TASK DIRECTIONS:
Return every line from the one with "Großbrand Parkinsel Ludwigshafen 22.06.2013" through the one with "[UMA] 赤M No.124", inclusive, exactly as it appears below.

STUDY MATERIAL:
--------------------------------

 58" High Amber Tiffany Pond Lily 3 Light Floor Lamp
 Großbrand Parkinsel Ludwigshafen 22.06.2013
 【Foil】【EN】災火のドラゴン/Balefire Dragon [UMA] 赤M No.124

--------------------------------

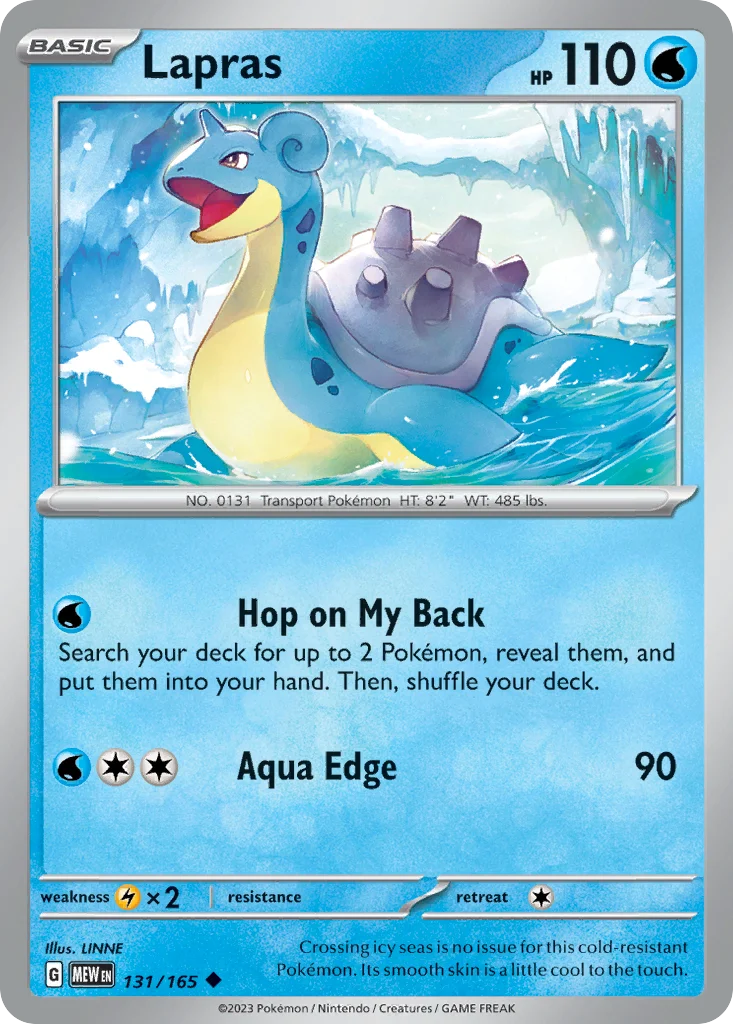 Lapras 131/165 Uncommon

--------------------------------

TASK ANSWER:
 Großbrand Parkinsel Ludwigshafen 22.06.2013
 【Foil】【EN】災火のドラゴン/Balefire Dragon [UMA] 赤M No.124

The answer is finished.